• Exercise requirements
Go through the entries and copy every line that has the string "System" in it.
---*---
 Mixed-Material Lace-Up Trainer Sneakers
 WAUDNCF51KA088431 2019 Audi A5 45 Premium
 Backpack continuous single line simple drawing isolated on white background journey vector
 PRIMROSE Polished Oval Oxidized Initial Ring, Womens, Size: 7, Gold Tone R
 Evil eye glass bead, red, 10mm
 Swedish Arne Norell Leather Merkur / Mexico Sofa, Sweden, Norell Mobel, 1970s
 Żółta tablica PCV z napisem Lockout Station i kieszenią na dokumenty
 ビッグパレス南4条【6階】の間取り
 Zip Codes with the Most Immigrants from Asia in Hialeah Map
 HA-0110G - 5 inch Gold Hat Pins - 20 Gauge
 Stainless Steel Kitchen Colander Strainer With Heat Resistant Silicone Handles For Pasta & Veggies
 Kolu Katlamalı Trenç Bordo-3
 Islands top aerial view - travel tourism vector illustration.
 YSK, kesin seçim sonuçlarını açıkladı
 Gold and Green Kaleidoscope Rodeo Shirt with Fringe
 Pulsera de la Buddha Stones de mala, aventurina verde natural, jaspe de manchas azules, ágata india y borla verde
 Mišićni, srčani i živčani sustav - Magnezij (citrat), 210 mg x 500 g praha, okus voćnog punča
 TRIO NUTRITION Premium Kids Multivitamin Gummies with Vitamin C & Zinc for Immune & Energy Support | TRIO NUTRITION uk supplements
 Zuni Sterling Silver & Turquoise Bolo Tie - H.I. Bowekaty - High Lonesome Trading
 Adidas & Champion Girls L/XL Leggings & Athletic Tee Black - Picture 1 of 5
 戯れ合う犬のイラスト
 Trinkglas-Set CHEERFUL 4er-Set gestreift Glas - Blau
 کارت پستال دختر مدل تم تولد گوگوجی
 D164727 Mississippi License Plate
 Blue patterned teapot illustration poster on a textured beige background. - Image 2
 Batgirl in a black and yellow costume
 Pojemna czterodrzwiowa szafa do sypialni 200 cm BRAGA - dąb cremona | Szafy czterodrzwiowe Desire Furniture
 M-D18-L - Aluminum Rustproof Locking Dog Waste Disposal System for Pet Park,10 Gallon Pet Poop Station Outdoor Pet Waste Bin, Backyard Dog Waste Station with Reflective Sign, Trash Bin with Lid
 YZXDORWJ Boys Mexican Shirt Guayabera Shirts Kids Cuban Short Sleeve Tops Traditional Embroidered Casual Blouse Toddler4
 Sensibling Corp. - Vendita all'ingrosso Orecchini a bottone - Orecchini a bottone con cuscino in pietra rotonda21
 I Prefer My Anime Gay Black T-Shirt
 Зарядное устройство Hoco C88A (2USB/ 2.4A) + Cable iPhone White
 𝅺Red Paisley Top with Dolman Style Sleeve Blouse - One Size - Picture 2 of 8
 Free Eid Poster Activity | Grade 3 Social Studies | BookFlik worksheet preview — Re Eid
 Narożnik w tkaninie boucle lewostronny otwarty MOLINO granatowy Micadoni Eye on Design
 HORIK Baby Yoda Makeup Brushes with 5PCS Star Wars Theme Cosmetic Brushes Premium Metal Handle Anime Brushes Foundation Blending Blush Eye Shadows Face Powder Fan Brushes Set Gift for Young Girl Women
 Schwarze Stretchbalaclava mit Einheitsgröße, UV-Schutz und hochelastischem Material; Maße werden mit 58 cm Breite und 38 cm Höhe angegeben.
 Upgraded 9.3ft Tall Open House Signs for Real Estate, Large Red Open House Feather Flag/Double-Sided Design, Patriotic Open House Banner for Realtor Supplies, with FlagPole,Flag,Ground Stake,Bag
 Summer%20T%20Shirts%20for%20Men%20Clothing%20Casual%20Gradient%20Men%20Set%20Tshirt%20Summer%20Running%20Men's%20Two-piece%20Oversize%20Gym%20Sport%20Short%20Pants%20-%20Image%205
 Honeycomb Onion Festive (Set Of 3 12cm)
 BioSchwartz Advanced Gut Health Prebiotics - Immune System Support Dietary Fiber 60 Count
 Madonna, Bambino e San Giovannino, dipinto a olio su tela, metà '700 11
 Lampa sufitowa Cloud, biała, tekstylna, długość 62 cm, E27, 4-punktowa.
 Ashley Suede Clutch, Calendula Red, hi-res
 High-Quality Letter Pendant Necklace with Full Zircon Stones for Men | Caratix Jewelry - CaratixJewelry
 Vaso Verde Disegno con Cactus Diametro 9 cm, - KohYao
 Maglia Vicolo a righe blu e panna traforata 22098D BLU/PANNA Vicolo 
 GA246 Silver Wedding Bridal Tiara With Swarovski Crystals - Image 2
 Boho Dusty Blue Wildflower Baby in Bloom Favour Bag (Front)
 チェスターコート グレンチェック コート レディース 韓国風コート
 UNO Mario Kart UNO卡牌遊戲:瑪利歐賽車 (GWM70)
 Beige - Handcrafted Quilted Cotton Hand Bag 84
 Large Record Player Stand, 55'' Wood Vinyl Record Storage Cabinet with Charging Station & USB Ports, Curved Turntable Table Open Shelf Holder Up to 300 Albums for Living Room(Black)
---*---
• Exercise output
 M-D18-L - Aluminum Rustproof Locking Dog Waste Disposal System for Pet Park,10 Gallon Pet Poop Station Outdoor Pet Waste Bin, Backyard Dog Waste Station with Reflective Sign, Trash Bin with Lid
 BioSchwartz Advanced Gut Health Prebiotics - Immune System Support Dietary Fiber 60 Count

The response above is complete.